■ MATERIAL FOR THIS EXERCISE:

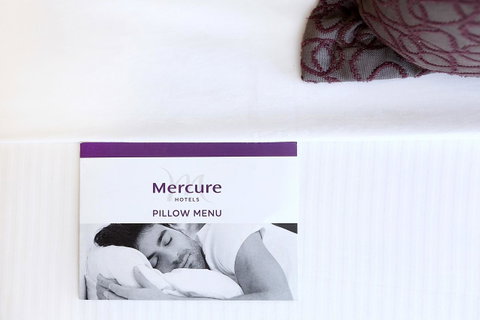 Mercure Sydney - Kawana Tourism 33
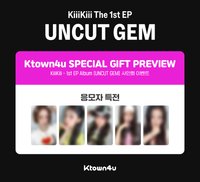UG k4 1.0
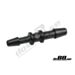 Reducer 3 - 4mm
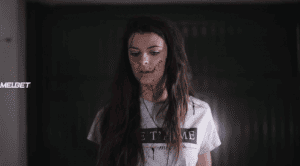  ,   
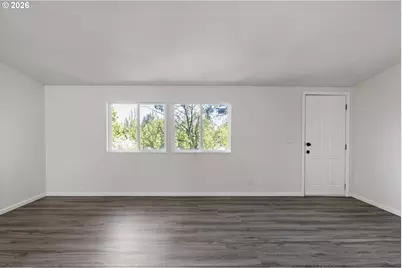 2600 NE 205th Ave #31, Fairview, OR 97024 - Photo 2
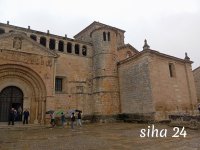 IMG_20240818_120617.jpg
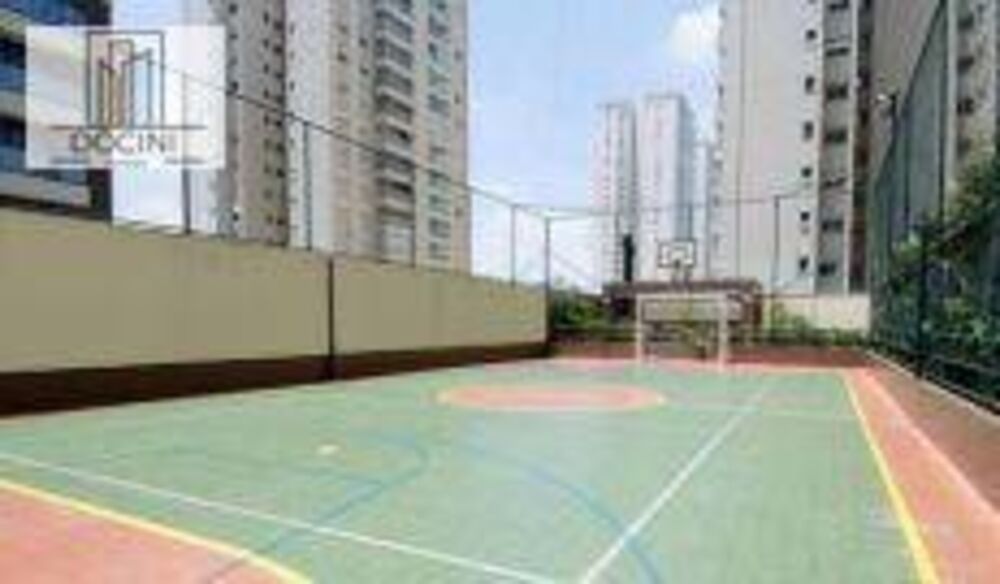 Apartamento, 2 quartos, 61 m² - Foto 3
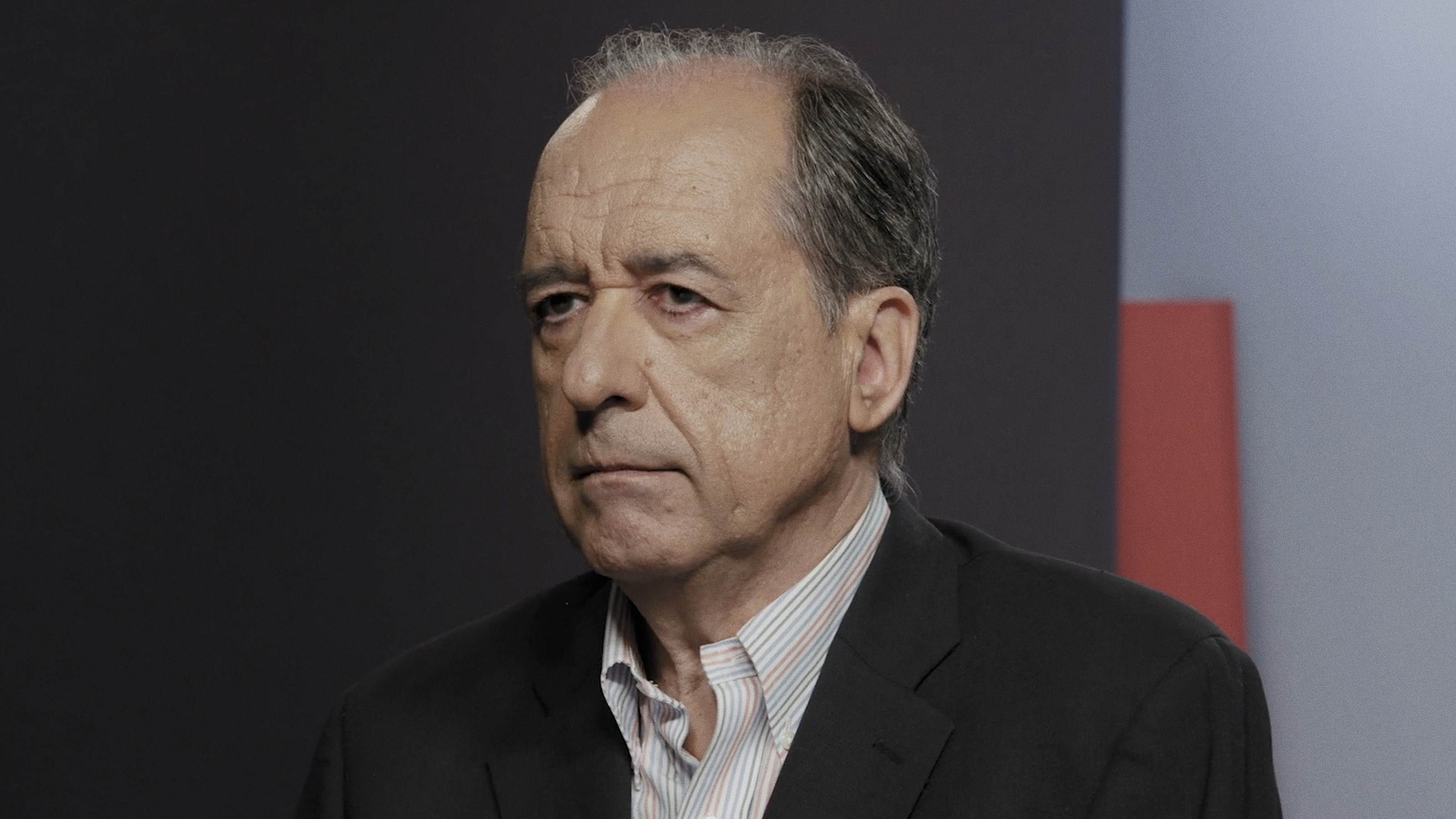 TO BE OR NOT TO BE Scott Eyman Intro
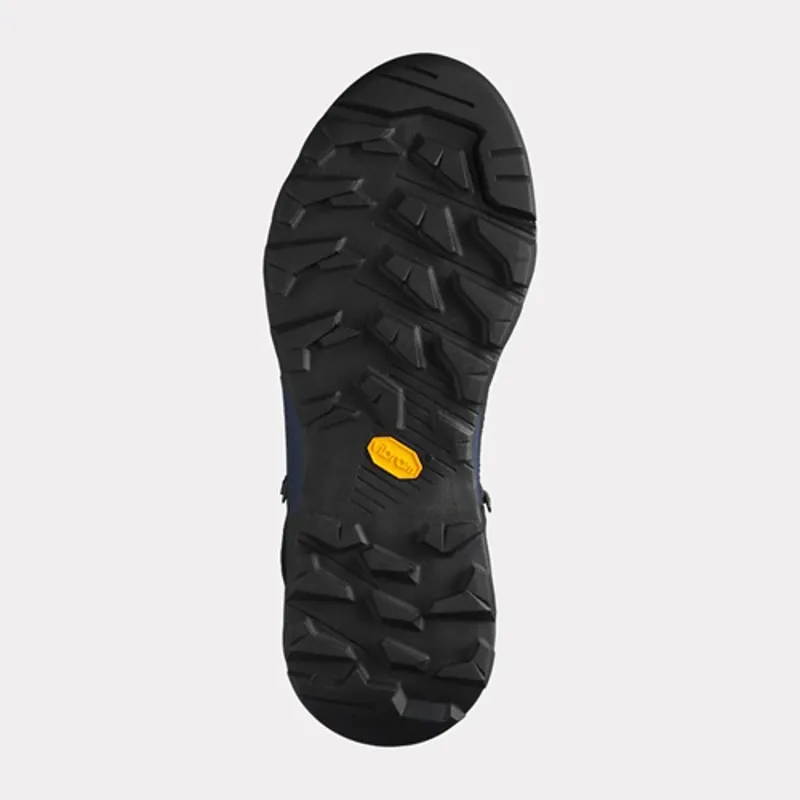 Millet Ubic Trek GTX-2
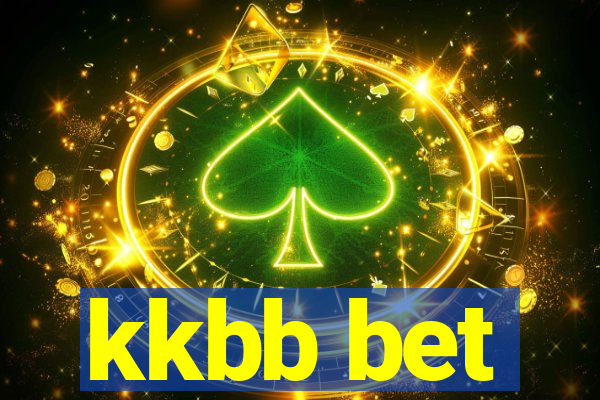 kkbb bet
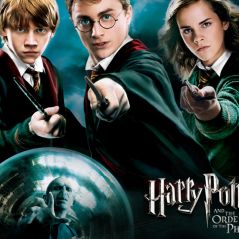 Harry Potter : 15 secrets de tournage méconnus et incroyables sur les films
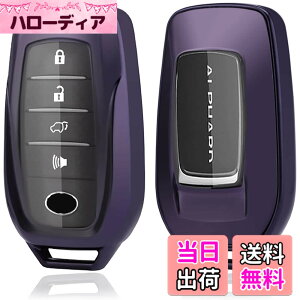 �y���������zYoshinari �g���^ ��p �N���E�� �N���X�I�[�o�[ �n���A�[ 80�n �v���E�X 60�n �n�C���b�N�X GUN125 �����h�N���[�U�[ 200�n �A���t�@�[�h �x���t�@�C���[ RAV4 PHV GR�J���[�� GR�����X �O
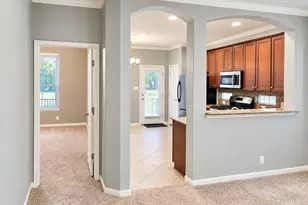 14001 Avery Ranch Blvd, Austin, TX 78717 - Photo 5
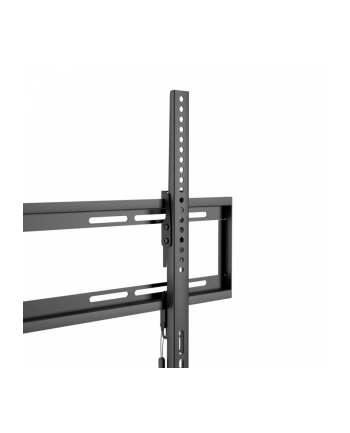 Uchwyt TV TB-851E do telewizora do 100 '' 65kg max VESA 800x600
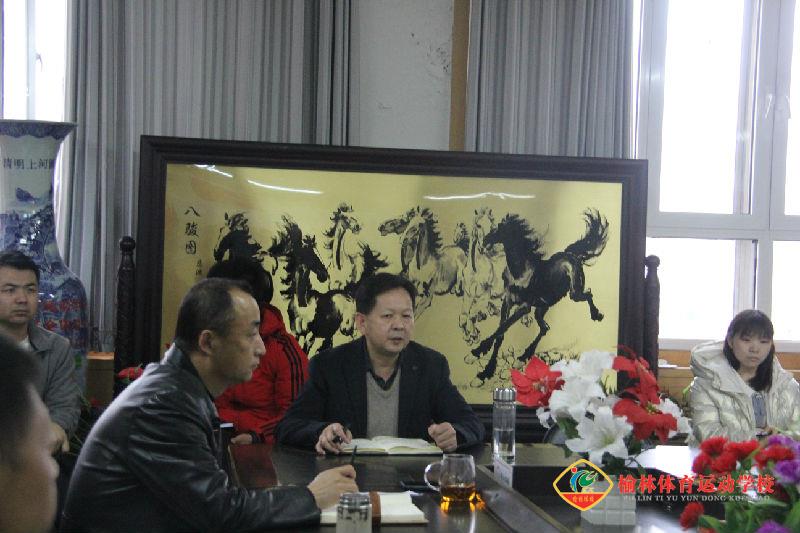 微信图片_2.jpg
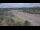 Webcam in Montélimar, 8.9 km entfernt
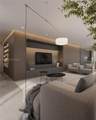 829 4th St - Photo 14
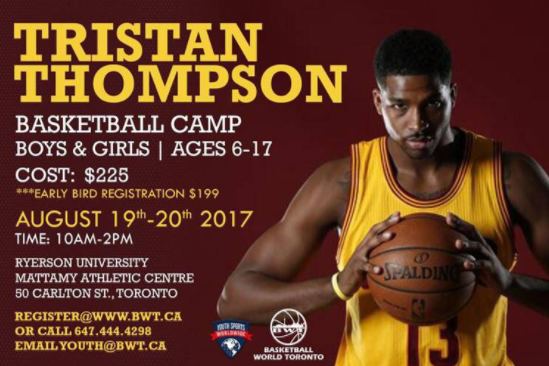 福登调侃小球迷：要这么多签名是不要拿去卖，赚了钱分我一半（福登打趣小球迷：签这么多别拿去卖，赚了记得分我一半）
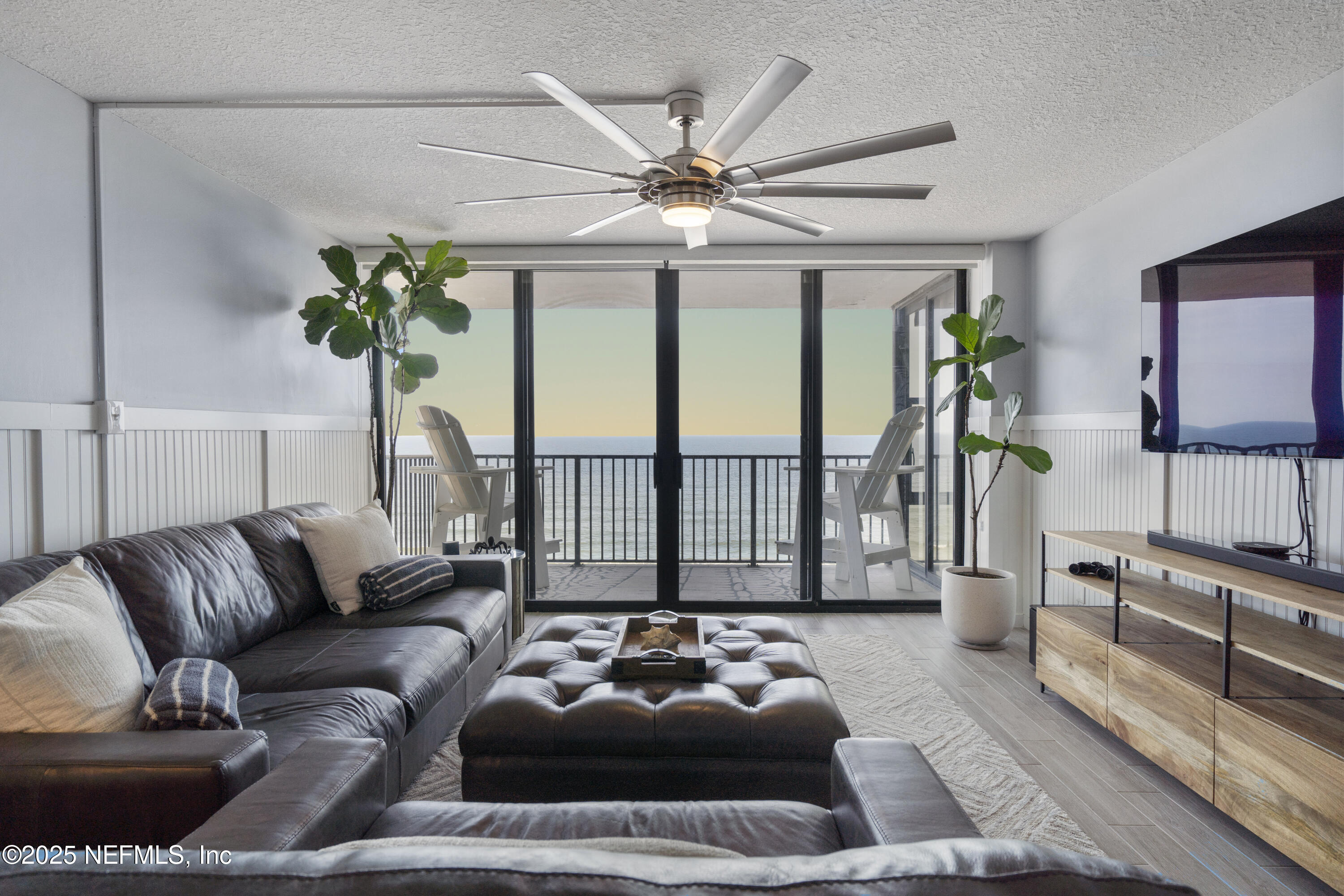 1301 1ST Street S, 1002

■ PROBLEM REQUIREMENTS: Every record must be set down again exactly; pictures do not belong in the copy.

■ EXERCISE ANSWER:
 Mercure Sydney - Kawana Tourism 33
UG k4 1.0
 Reducer 3 - 4mm
  ,   
 2600 NE 205th Ave #31, Fairview, OR 97024 - Photo 2
 IMG_20240818_120617.jpg
 Apartamento, 2 quartos, 61 m² - Foto 3
 TO BE OR NOT TO BE Scott Eyman Intro
 Millet Ubic Trek GTX-2
 kkbb bet
 Harry Potter : 15 secrets de tournage méconnus et incroyables sur les films
 �y���������zYoshinari �g���^ ��p �N���E�� �N���X�I�[�o�[ �n���A�[ 80�n �v���E�X 60�n �n�C���b�N�X GUN125 �����h�N���[�U�[ 200�n �A���t�@�[�h �x���t�@�C���[ RAV4 PHV GR�J���[�� GR�����X �O
 14001 Avery Ranch Blvd, Austin, TX 78717 - Photo 5
 Uchwyt TV TB-851E do telewizora do 100 '' 65kg max VESA 800x600
 微信图片_2.jpg
 Webcam in Montélimar, 8.9 km entfernt
 829 4th St - Photo 14
 福登调侃小球迷：要这么多签名是不要拿去卖，赚了钱分我一半（福登打趣小球迷：签这么多别拿去卖，赚了记得分我一半）
 1301 1ST Street S, 1002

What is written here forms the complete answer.